Her parents were good, moral people who had had some negative
religious experiences of their own. So, not wanting to expose Vicky to similar trauma, they chose
a course of upbringing (at least with regard to spiritual things) which
could best be described as hands-off. By the
time I met Vicky she was a high school junior -- attractive, intelligent,
well-liked, and determined to fill the spiritual vacuum which she felt she
had in her life. Our paths crossed when she made an appointment with me one
day. Now you
have to understand that when most teenagers find themselves in a
minister’s office, it’s either the result of some heavy finessing or
outright coercion, but Vicky came to me “out of the blue” on her own
initiative. That appointment
began a friendship which lasted many years, a friendship which allowed me to
participate in some significant moments in her life including her baptism
and later her marriage. I share
all of this with you by way of background because when I saw Vicky that
first time in my office, I might well have classified her among the great
company of mourners with whom ministers come in contact regularly.
The cause of her mourning had nothing to do with death or boyfriend
problems. It rather had to do
with a spiritual vacuum that she desired to fill. What
Vicky told me that day went something like this.
The previous summer she had been riding a ferry to the family summer
cottage on Bainbridge Island near Seattle.
While on the ferry, she had been approached by a young man.
Now we all understand that girls like Vicky are used to being
approached by young men, but his one was different.
He wanted to talk about being saved, and he left her with a religious
tract which explained what he meant. This
experience for Vicky was neither positive nor negative.
It was just interesting, because she discovered that she was in fact
interested in being saved. She
just didn’t know much about it. And
during the course of the summer (as she tells it) she went again-and-again
to a little log down on the beach where she would sit reading and re-reading
this gospel tract and considering its message. When she
came to me, her question was the product of a whole summer’s reflection.
She framed her question to me thoughtfully and with a maturity beyond
her years. The tract said that
in order to be saved, a person must accept Jesus as their savior and follow
him. Anyone who would not do
this would go to hell. That was
essentially the message of the first paragraph; the tract then went on to
describe in great detail how hell was more than just a hotter version of
Tahiti. Then came
the zinger, and when it came, I wish the author of that tract was sitting by
me so I could have heard his answer. “Are
there,” Vicky asked, “better reasons for being saved than just getting a
kind of insurance policy against going to hell?”

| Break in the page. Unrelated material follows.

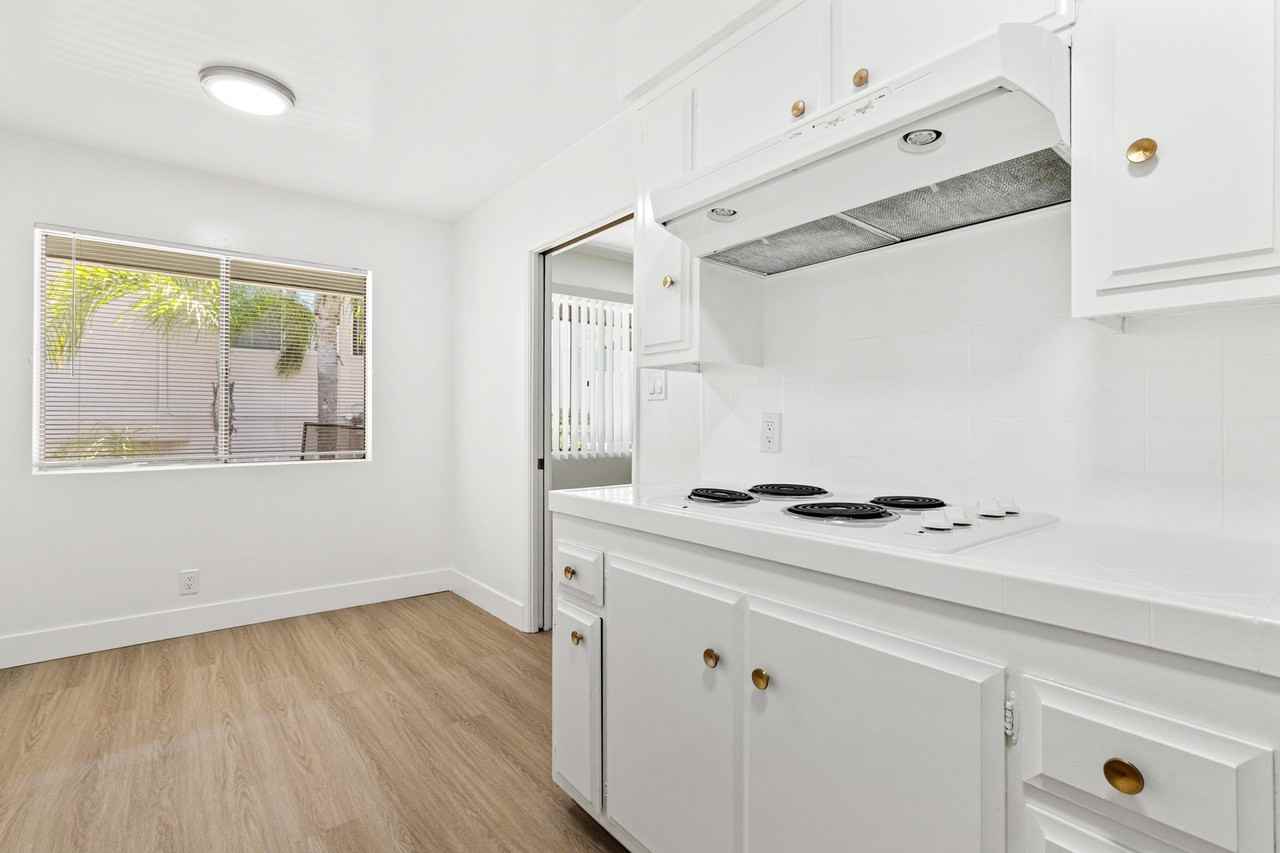 412 W Queen St #6 - Photo 3 of 14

Here, I thought, was a young woman who intuitively understood more
about God than people who have claimed to be Christians for years.
Thus began a journey of faith for Vicky which resulted in her baptism
and continued Christian maturity through a variety of ups and down that her
subsequent life brought her. I have
shared this story with you at length this morning because whenever I read
the second Beatitude, I think of Vicky.
“Blessed or happy are those that mourn, for they shall be
comforted.” In Vicky’s case
(as in our own) I believe that mourning comes not so much from a fear of
hell and an afterlife of torment, but rather from an experience of hell in
this life. You want better
reasons for being saved! I will
give you three, and I promise you there are more. I. There Is No More Pretending First of
all, we are saved, not so much from going to hell as being delivered from
hell. Those who mourn are
called “blessed” because for them there is no more pretending.
They are called happy because they have the courage to face their
grief rather then pretending there isn’t any. Someone
has said, “The shallow recover quickly because you can’t bruise a
pillow.” I’m always
suspicious of those people for whom everything is going fine.
I don’t believe it. If
their constant reassurances to me that everything is going fine is just an
amenity because they don’t want to get into it, I can accept that.
But if they have worked themselves into such a state of denial as to
what this life is all about, then they are in deep trouble. I don’t
know much about the hell of the next life, but I know a great deal about the
one in this life. C.J. Jung was
asked, “Do you believe in God?” and his reply was, “No!
There are some things too important just to believe in.
I know him.” The same
can be said about the dark side of life.
It’s too much with us just to believe in.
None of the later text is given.